Ainsi, rarement autant de problèmes internationaux n’auront été autant interconnectés que lors du sommet de Copenhague à venir : les intentions agressives des États-Unis vis-à-vis de l’Irak, la volonté de la Turquie d’intégrer l’UE, la question de l’identité européenne face à l’élargissement de cette union et, enfin, les relations entre les deux communautés chypriotes. Difficile de savoir si l’UE saura y faire face.

« La Turquie a toute sa place en Europe »

La Turquie a toute sa place en Europe
Le Monde (France)

[AUTEUR] Javier Solana est le haut représentant de l’Union européenne pour la politique étrangère et de sécurité commune. Il a été secrétaire général de l’OTAN (1995-1999) et ancien ministre socialiste des Affaires étrangères espagnoles (1992-1995).

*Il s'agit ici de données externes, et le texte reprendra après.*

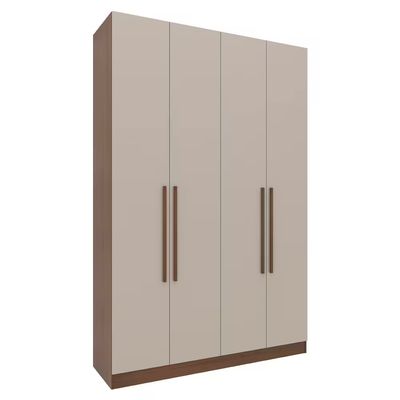Guarda-roupa Modulado Casal Canto Reto Bartira Lugano 6 Portas 3 Gavetas 10 Prateleiras com 3 Peças Avelã/Cappuccino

[RESUME] La Turquie fait aujourd’hui débat en raison des interrogations que suscitent son nouveau gouvernement, le problème chypriote et l’élargissement de l’Union Européenne.
Le statut de candidat à part entière de la Turquie a été reconnu à l’unanimité des 15 chefs d’État de l’Union et la question à laquelle il faut désormais répondre est : la Turquie peut-elle tracer sa voie vers l’Europe et le souhaite-t-elle ?
Le gouvernement d’Ankara reconnaît lui-même que le pays ne répond pas encore aux critères nécessaires au lancement des premières étapes des négociations d’adhésion, mais il a soumis au parlement un nouveau paquet législatif pour y parvenir. Cela sera-t-il suffisant d’ici le 12 décembre ?
La Turquie a aujourd’hui les cartes en main. La possibilité de régler le problème chypriote lui offre une bonne opportunité de montrer qu’elle veut saisir sa chance. Elle doit aussi montrer qu’elle est en faveur du projet de défense européenne et qu’elle veut contribuer à la définition des arrangements militaires permanents entre l’OTAN et l’UE.
Je veux croire que nous sommes prêts chacun, en Turquie, en Europe et " ailleurs dans le monde " à assumer notre part et réussir ensemble le pari européen de la Turquie.

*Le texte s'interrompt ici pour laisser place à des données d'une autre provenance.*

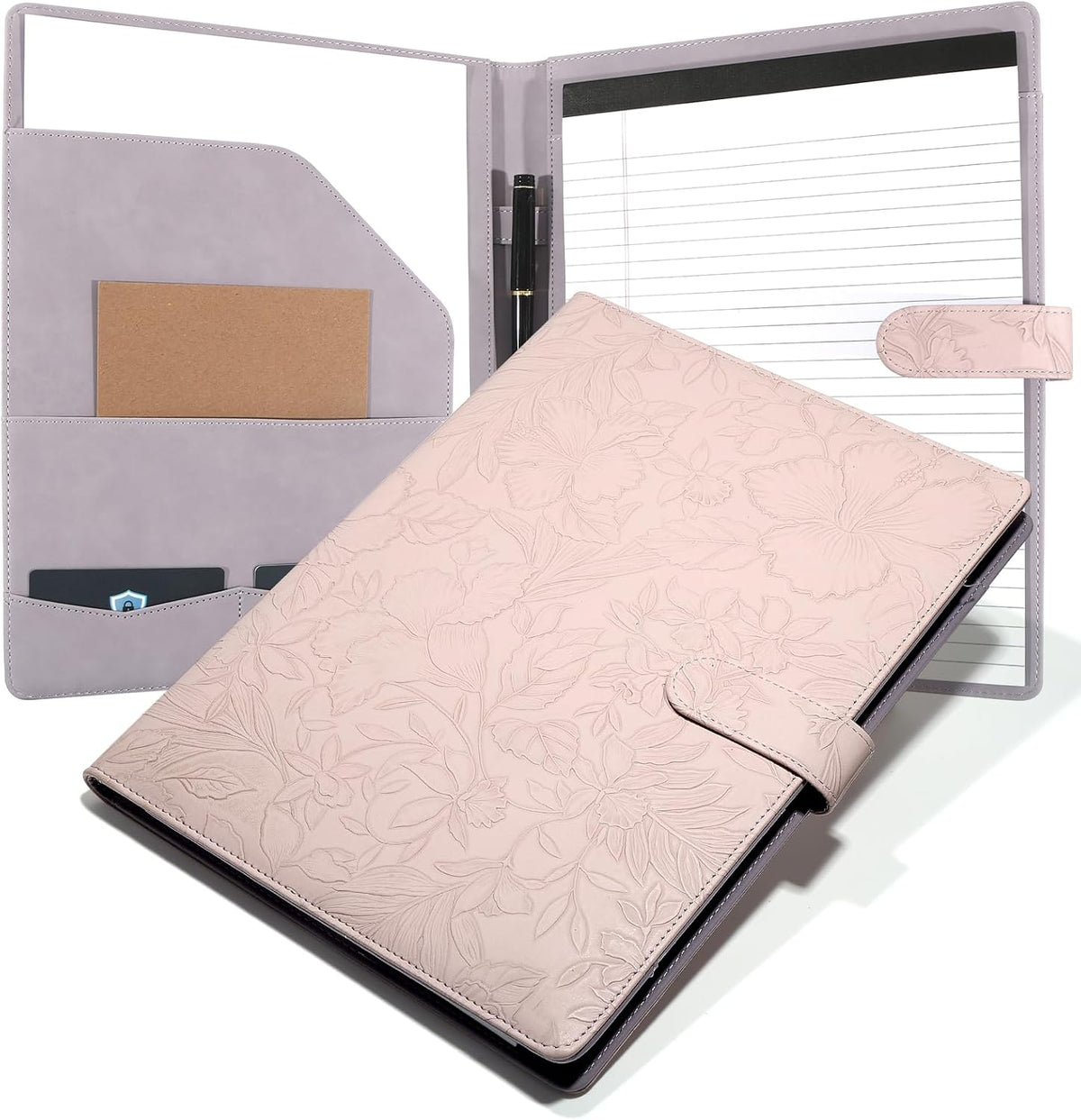 Professional Padfolio Portfolio Binder, Textured Embossing Faux Leather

« Clarifier l’identité européenne »

Clarifier l’identité européenne
Le Monde (France)

[AUTEUR] Hubert Védrine est ancien ministre des affaires étrangères français(1997-2002).

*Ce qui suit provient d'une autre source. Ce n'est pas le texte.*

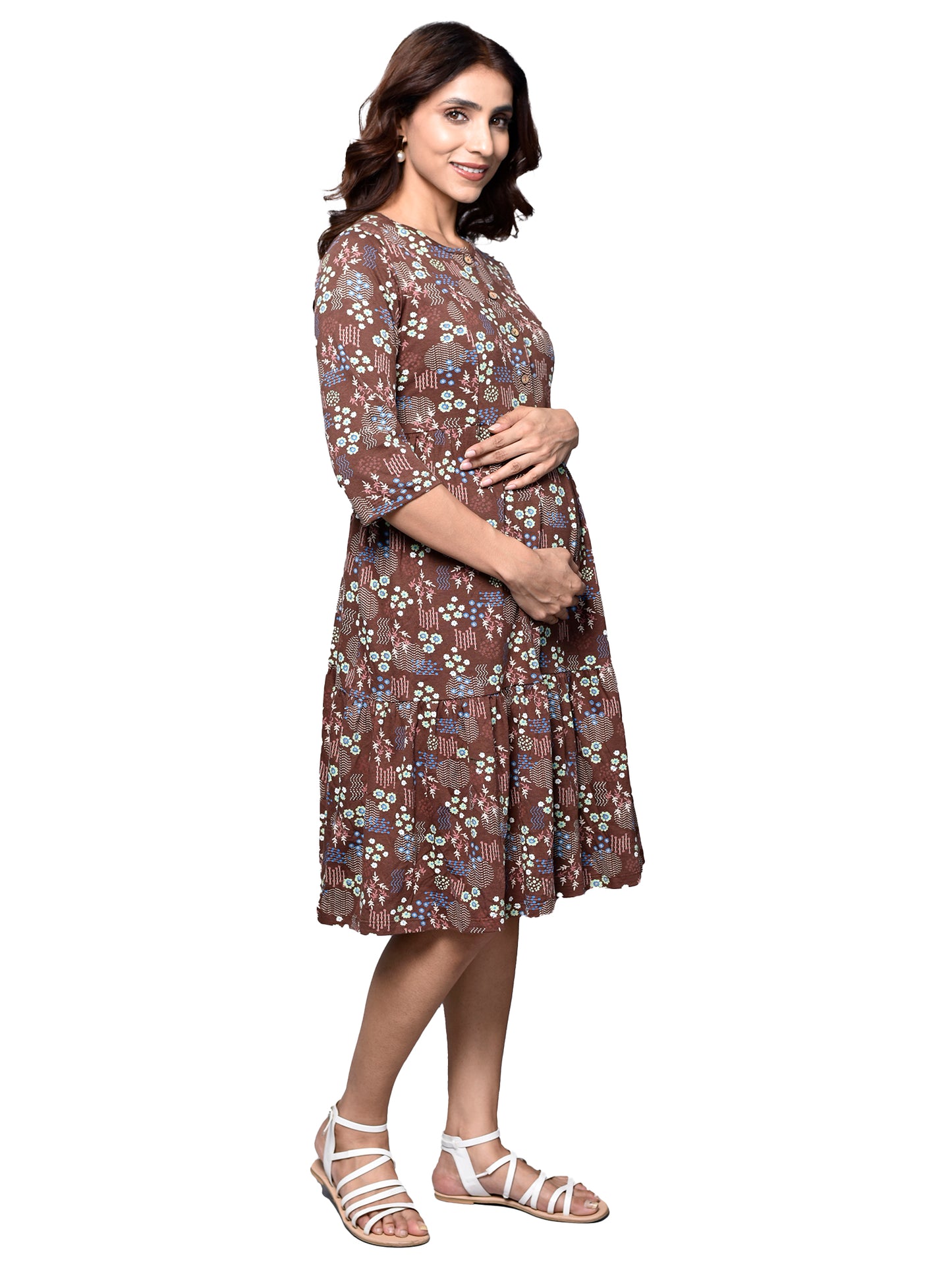 Organic Cotton Knee Length Maternity Dress with 3/4th sleeves ISML020-Brown Vintage Garden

[RESUME] A l’heure de l’élargissement, il est temps de clarifier la notion d’Europe afin de définir quelles en sont les limites extensives. En effet, jusqu’ici, la question de l’identité européenne n’a pas eu à être tranchée tant elle relevait de l’évidence. La question des frontières de l’Europe et de l’Union ne s’était pas encore posée. Cette interrogation surgit avec la candidature turque qui crée une saine controverse sur la question européenne.
L’évidence, le bon sens et la géographie auraient dû pousser les responsables européens, dès 1963, à signifier à la Turquie qu’elle avait vocation à exercer un rôle majeur par elle-même dans sa région en partenariat avec l’Union Européenne, mais pas à en devenir membre. Aujourd’hui certains partisans du oui invoquent les engagements pris, la générosité, l’histoire ou la prévention du clash des civilisations, mais l’Union Européenne n’a pas vocation à proposer l’adhésion à tous les pays qu’elle désire stabiliser ou démocratiser.
L’Union Européenne a besoin de retrouver une identité politique et territoriale claire tout en proposant un partenariat stratégique à ses voisins. En raison des promesses faites et du manque de clarification de notre position, la Turquie adhérera sans doute à l’UE. Il faudra alors reconnaître que l’Union a changé de nature et enfin avoir le courage de définir son identité. En effet, le fait que les Européens ne sachent pas eux-mêmes s’ils construisent le rameau européen d’un ensemble américano-occidental, comme le suggère Vaclav Havel, ou une civilisation, ou une culture, européenne propre, bien distincte de celle des États-Unis comme le pense Robert Kagan, inhibe l’affirmation d’une Europe-puissance en matière de politique étrangère et de défense.
Il est temps d’affirmer que les États-Unis et l’Europe sont partenaires et alliés mais que l’Europe n’est pas un sous-ensemble et doit se comporter de manière autonome. Pour cela, la future constitution européenne doit être souple, mais permettre aux pays les plus dynamiques de travailler ensemble et aux pays les plus récalcitrants d’être dispensés, voire de sortir, de certains traités.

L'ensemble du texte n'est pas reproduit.